- Source data
+++

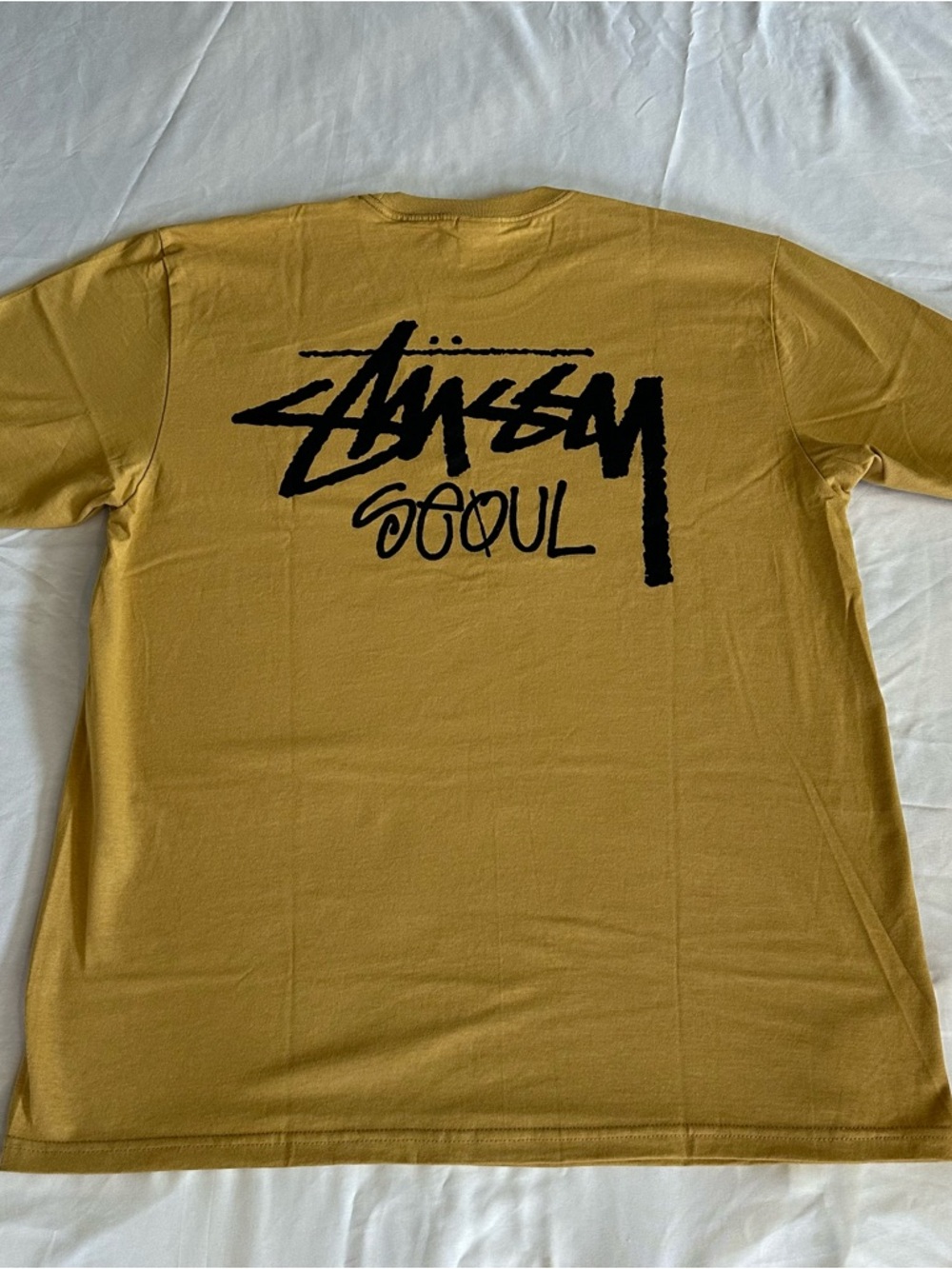 Stüssy Seoul Chapter Tee Mustard Yellow L NWOT Rare Streetwear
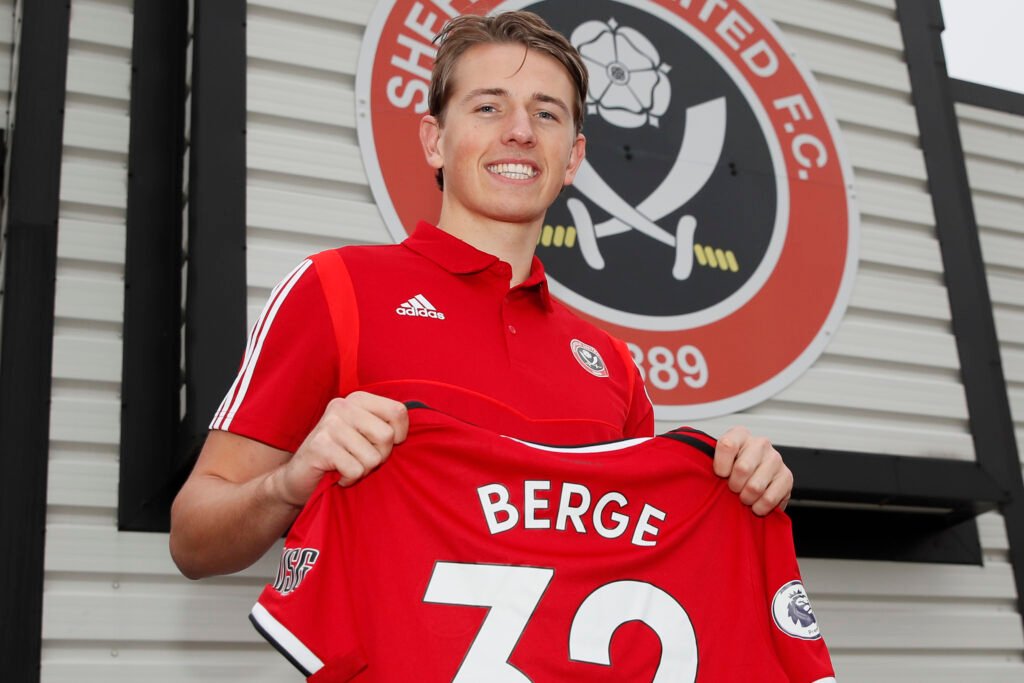 Berge posa con la camiseta del Sheffield | Foto: Premier League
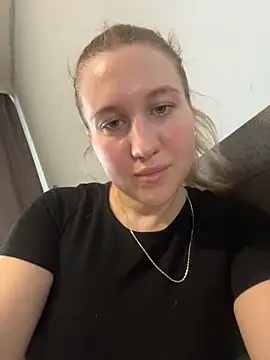 MarieHeartt online show from June 18, 9:14 am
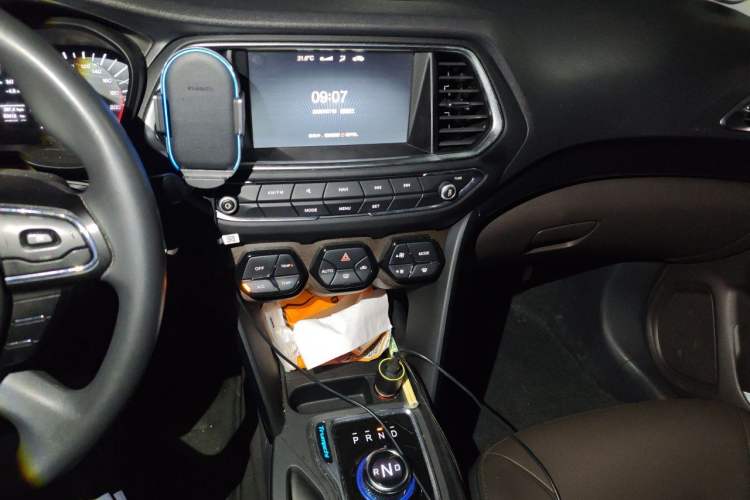 Used GAC Trumpchi GS4 New Energy 2017 1.5L PHEV Smart Enjoyment Edition Audio And AC Panel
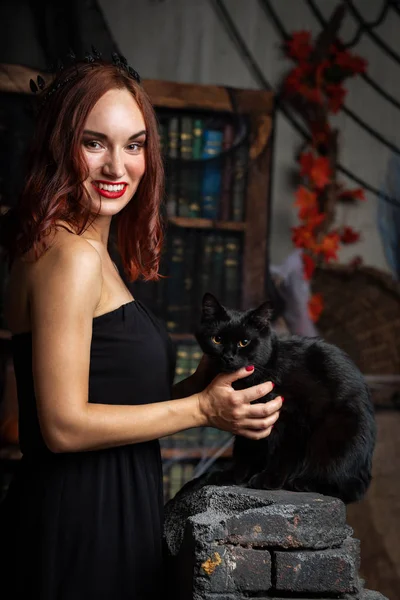 Όμορφη Νεαρή Γυναίκα Στο Μαύρο Φόρεμα Μαύρη Γάτα Εσωτερική — Φωτογραφία Αρχείου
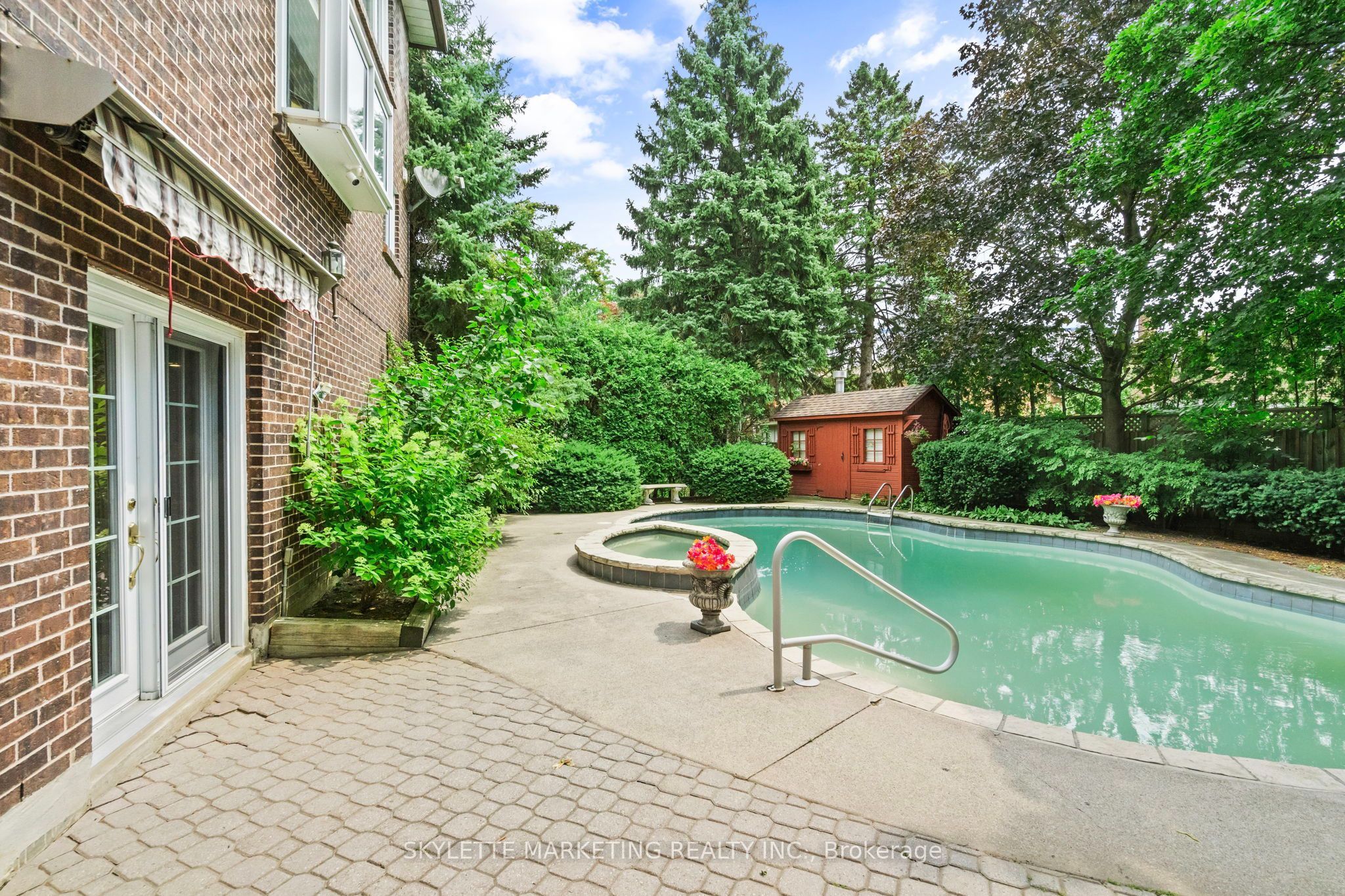 17 Sabrina Court Bsmt, Richmond Hill, ON L4C 5P8 photo 2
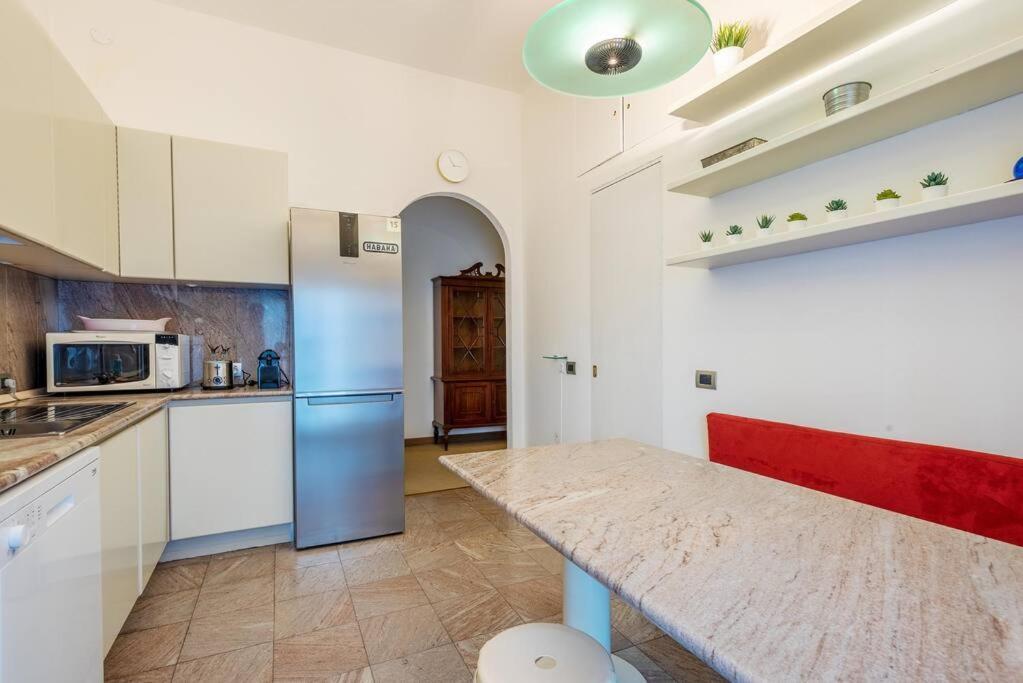 Luminosa E Spaziosa Dimora Nel Centro di Milano 2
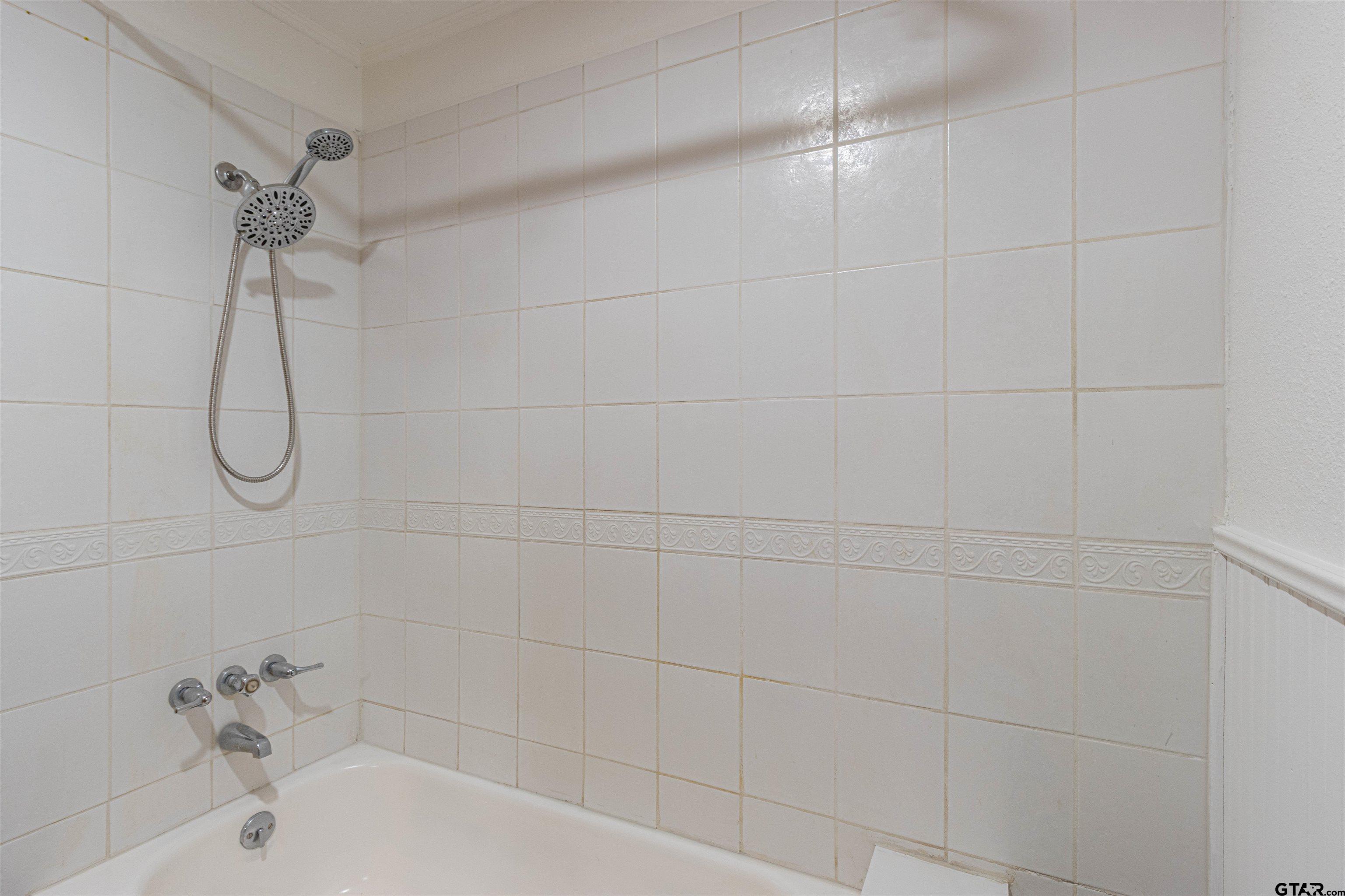 Residential Lease in Flint 5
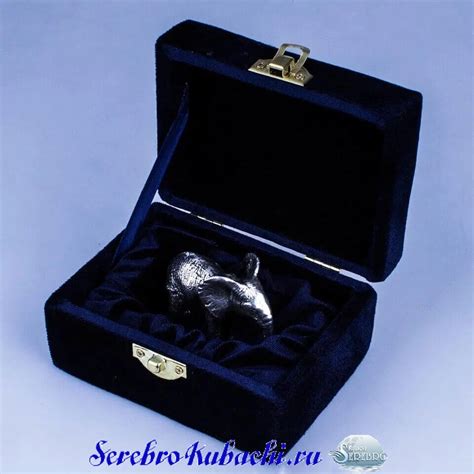 Серебряный слон - сувенирная серебряная фигурка животного.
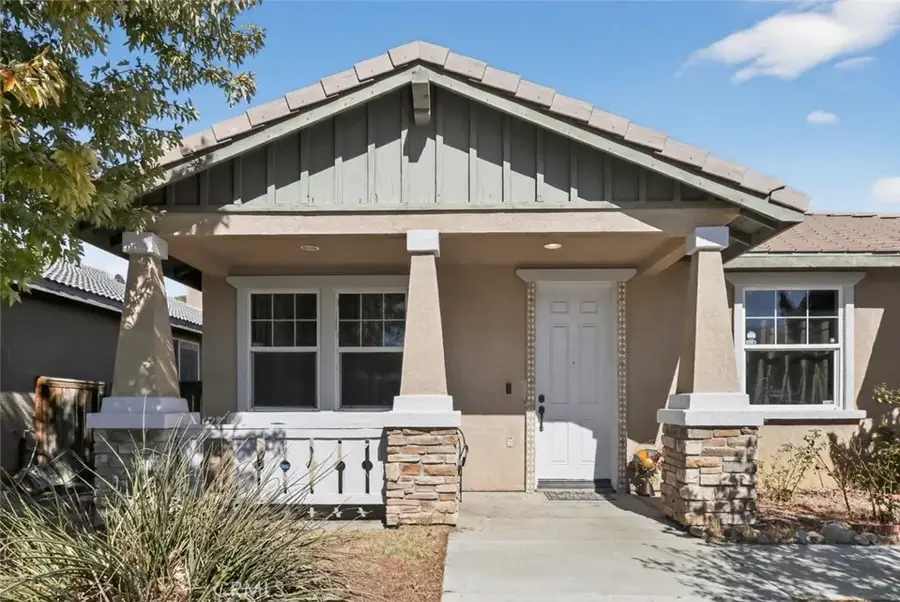 15940 Greyrock Street, Victorville, CA 92395 - Image #2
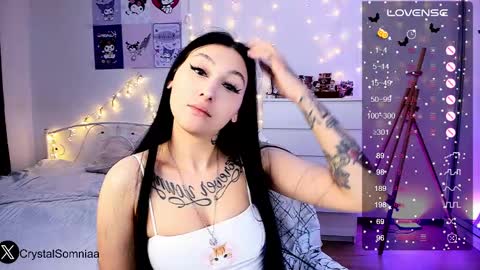 Snapshot of crystalsomnia chatting on February 25, 1:09 am Sasha Make me moan with patterns good music here online show from February 25, 1:09 am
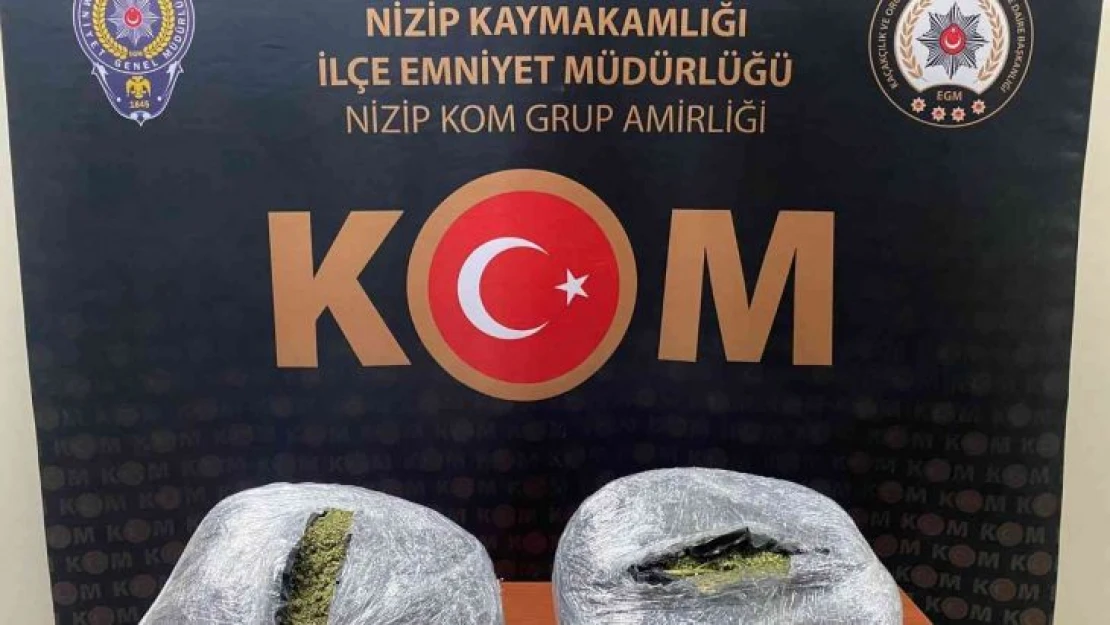 Durdurulan araçtan 10 kilo 500 gram esrar çıktı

+++

- Goal of the exercise
Look above for the line with "MarieHeartt online show" and the line with "17 Sabrina Court", then copy them and all lines in between exactly as written, and only those, without any pictures.

- Task output
 MarieHeartt online show from June 18, 9:14 am
 Used GAC Trumpchi GS4 New Energy 2017 1.5L PHEV Smart Enjoyment Edition Audio And AC Panel
 Όμορφη Νεαρή Γυναίκα Στο Μαύρο Φόρεμα Μαύρη Γάτα Εσωτερική — Φωτογραφία Αρχείου
 17 Sabrina Court Bsmt, Richmond Hill, ON L4C 5P8 photo 2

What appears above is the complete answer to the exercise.